Polyexpert - Duterrage Jean - Site 1

En mission à bord
d’un sous-marin

Le confinement que nous vivons actuellement est une expérience inédite à laquelle personne ne s’attendait et à laquelle personne n’était préparé. Sans parler du déconfinement qui sera progressif à partir du 11/05 prochain. Pour certains professionnels, le confinement fait partie intégrante de leur métier : astronaute, skipper en solitaire, sous-marinier. Leur confinement est extrême pendant des mois voire des années. Jean Duterrage a été sous-marinier pendant 17 ans dans la Marine nationale. Il raconte la préparation, la vie à bord, l’équilibre temps de travail-temps de repos, la sortie après 3 mois de mission. Découvrez son témoignage 👇

Mon parcours dans la Marine nationale française

J’ai commencé comme matelot dans un sous-marin classique (Sous-marin à propulsion Diésel électrique).
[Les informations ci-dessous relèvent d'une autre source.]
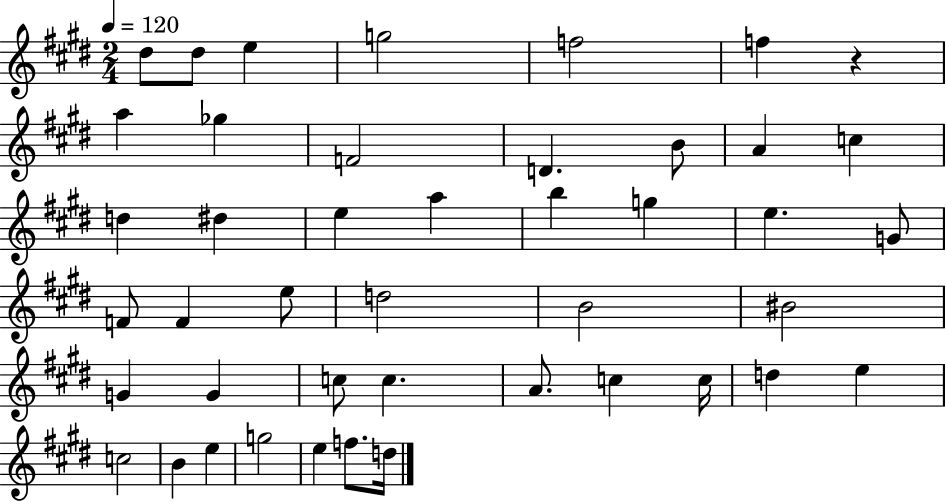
D#5/e D#5/e E5/q G5/h F5/h F5/q R/q A5/q Gb5/q F4/h D4/q. B4/e A4/q C5/q D5/q D#5/q E5/q A5/q B5/q G5/q E5/q. G4/e F4/e F4/q E5/e D5/h B4/h BIS4/h G4/q G4/q C5/e C5/q. A4/e. C5/q C5/s D5/q E5/q C5/h B4/q E5/q G5/h E5/q F5/e. D5/s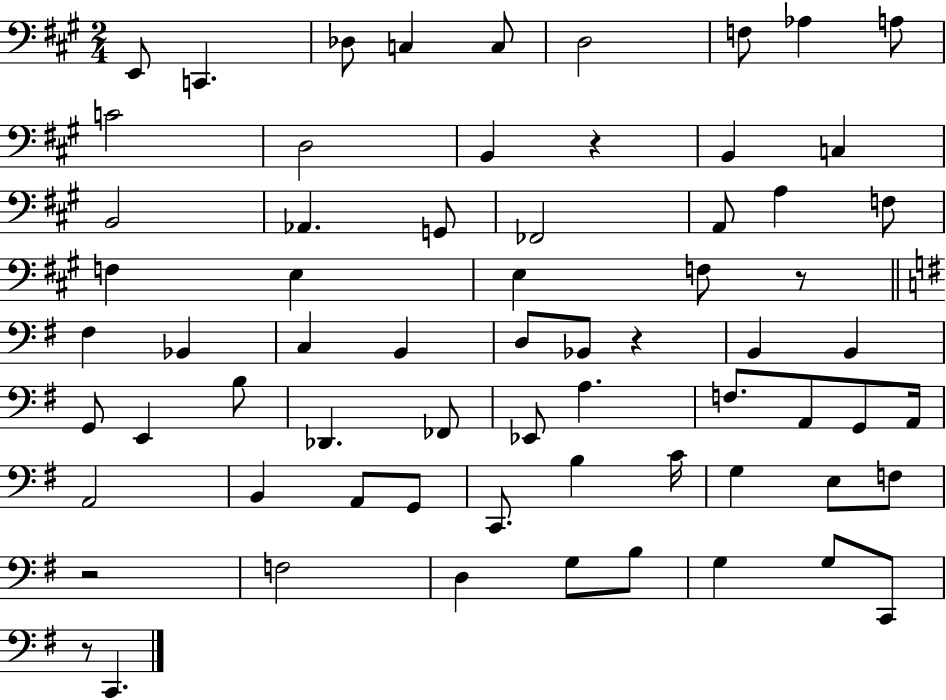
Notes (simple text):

E2/e C2/q. Db3/e C3/q C3/e D3/h F3/e Ab3/q A3/e C4/h D3/h B2/q R/q B2/q C3/q B2/h Ab2/q. G2/e FES2/h A2/e A3/q F3/e F3/q E3/q E3/q F3/e R/e F#3/q Bb2/q C3/q B2/q D3/e Bb2/e R/q B2/q B2/q G2/e E2/q B3/e Db2/q. FES2/e Eb2/e A3/q. F3/e. A2/e G2/e A2/s A2/h B2/q A2/e G2/e C2/e. B3/q C4/s G3/q E3/e F3/e R/h F3/h D3/q G3/e B3/e G3/q G3/e C2/e R/e C2/q.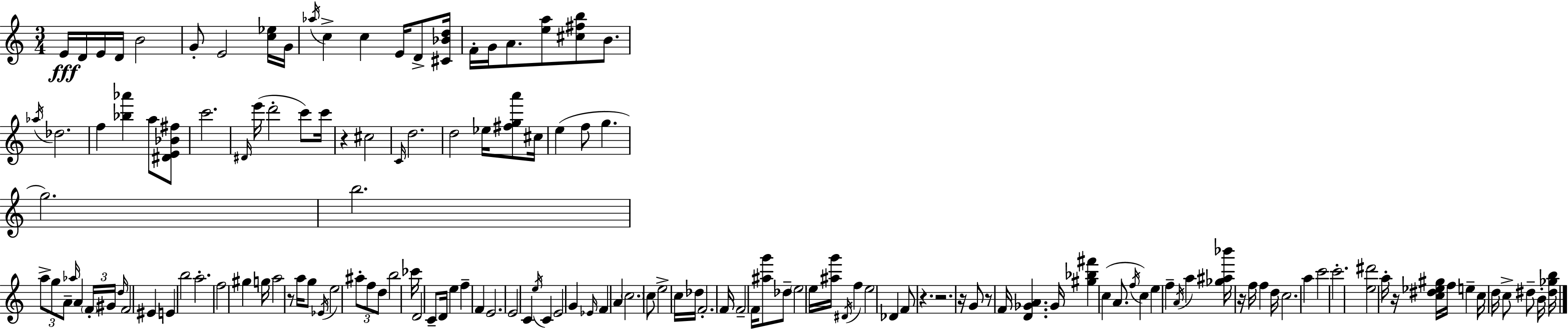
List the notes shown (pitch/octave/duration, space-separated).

E4/s D4/s E4/s D4/s B4/h G4/e E4/h [C5,Eb5]/s G4/s Ab5/s C5/q C5/q E4/s D4/e [C#4,Bb4,D5]/s F4/s G4/s A4/e. [E5,A5]/e [C#5,F#5,B5]/e B4/e. Ab5/s Db5/h. F5/q [Bb5,Ab6]/q A5/e [D#4,E4,Bb4,F#5]/e C6/h. D#4/s E6/s D6/h C6/e C6/s R/q C#5/h C4/s D5/h. D5/h Eb5/s [F#5,G5,A6]/e C#5/s E5/q F5/e G5/q. G5/h. B5/h. A5/e G5/e A4/e Ab5/s A4/q F4/s G#4/s D5/s F4/h EIS4/q E4/q B5/h A5/h. F5/h G#5/q G5/s A5/h R/e A5/s G5/e Eb4/s E5/h A#5/e F5/e D5/e B5/h CES6/s D4/h C4/e D4/s E5/q F5/q F4/q E4/h. E4/h C4/q E5/s C4/q E4/h G4/q Eb4/s F4/q A4/q C5/h. C5/e E5/h C5/s Db5/s F4/h. F4/s F4/h F4/s [A#5,G6]/e Db5/e E5/h E5/s [A#5,G6]/s D#4/s F5/q E5/h Db4/q F4/e R/q. R/h. R/s G4/e R/e F4/s [D4,Gb4,A4]/q. Gb4/s [G#5,Bb5,F#6]/q C5/q A4/e. F5/s C5/q E5/q F5/q A4/s A5/q [Gb5,A#5,Bb6]/s R/s F5/s F5/q D5/s C5/h. A5/q C6/h C6/h. [E5,D#6]/h A5/s R/s [C5,D#5,Eb5,G#5]/s F5/s E5/q C5/s D5/s C5/e D#5/e B4/s [D#5,Gb5,B5]/s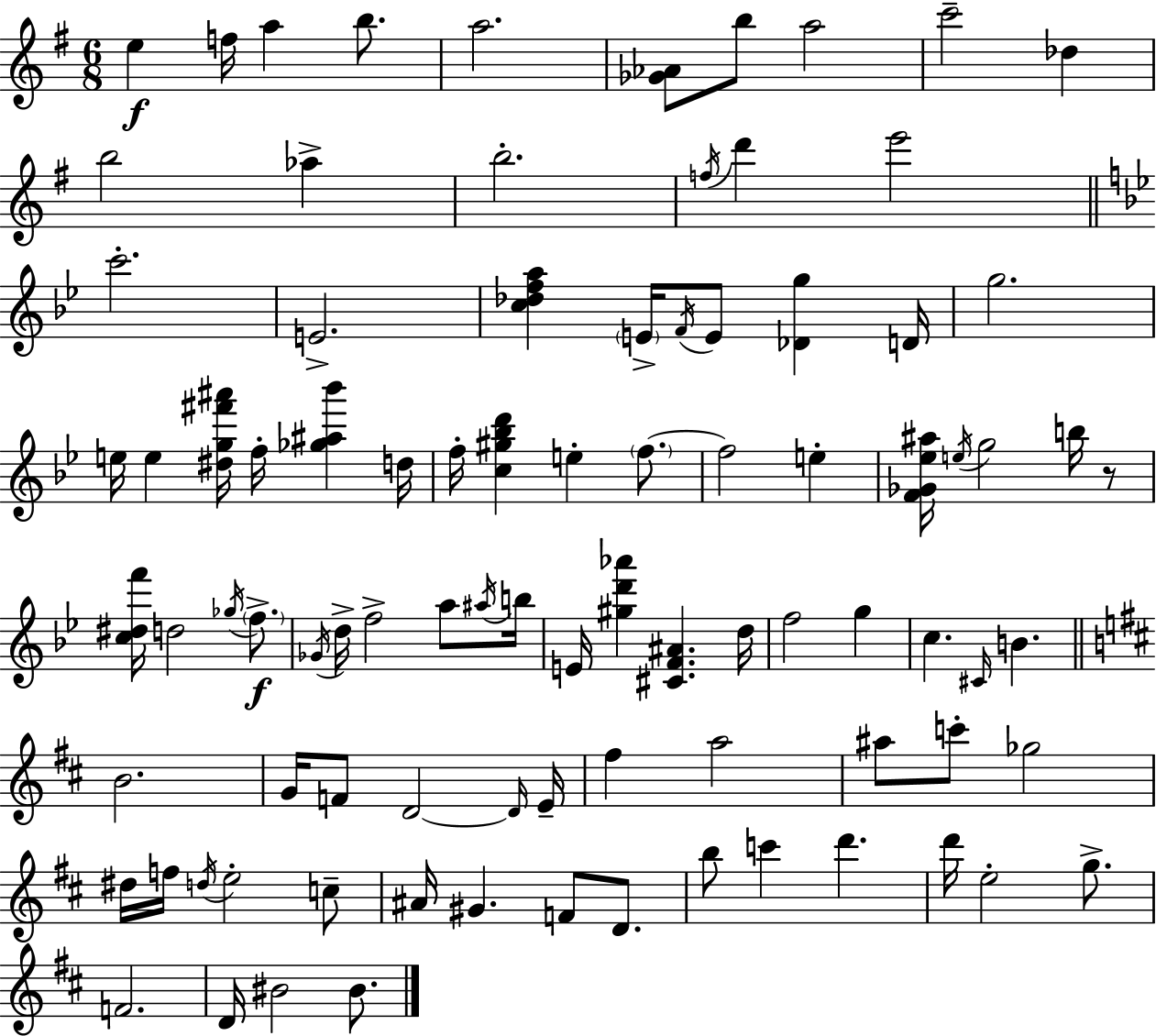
X:1
T:Untitled
M:6/8
L:1/4
K:G
e f/4 a b/2 a2 [_G_A]/2 b/2 a2 c'2 _d b2 _a b2 f/4 d' e'2 c'2 E2 [c_dfa] E/4 F/4 E/2 [_Dg] D/4 g2 e/4 e [^dg^f'^a']/4 f/4 [_g^a_b'] d/4 f/4 [c^g_bd'] e f/2 f2 e [F_G_e^a]/4 e/4 g2 b/4 z/2 [c^df']/4 d2 _g/4 f/2 _G/4 d/4 f2 a/2 ^a/4 b/4 E/4 [^gd'_a'] [^CF^A] d/4 f2 g c ^C/4 B B2 G/4 F/2 D2 D/4 E/4 ^f a2 ^a/2 c'/2 _g2 ^d/4 f/4 d/4 e2 c/2 ^A/4 ^G F/2 D/2 b/2 c' d' d'/4 e2 g/2 F2 D/4 ^B2 ^B/2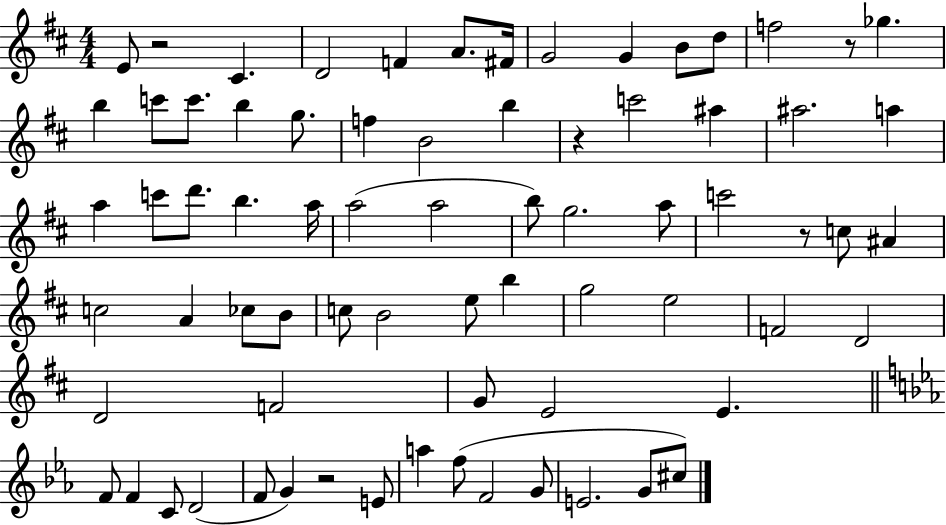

Dans les années 70, la spécialité d’Analyste n’existait pas. Un membre de l’équipage du pont qui avait la fonction d’écouteur était choisi pour suivre la formation d’écoute sous-marine. J’ai été l’un de ceux-là. Nous écoutions, pendant des heures, des bruitages sous-marins enregistrés. Il est très important de savoir faire la différence entre les bateaux de commerce, de guerre, de surface, les sous-marins ou les inévitables cétacés comme les baleines et le crevettes claqueuses. Puis, j’ai gravi les échelons pour terminer comme Maître principal et Responsable de la tranche missiles d’un SNLE (Sous- marin Nucléaire Lanceur d’Engin). J’ai eu l’opportunité de réaliser la campagne M4 (Mise au point des missiles balistiques qui ont pour but d’équiper les SNLE future génération) : ce fut une grande aventure. J’ai 17 ans de Marine et 17 000 heures de plongée en mer.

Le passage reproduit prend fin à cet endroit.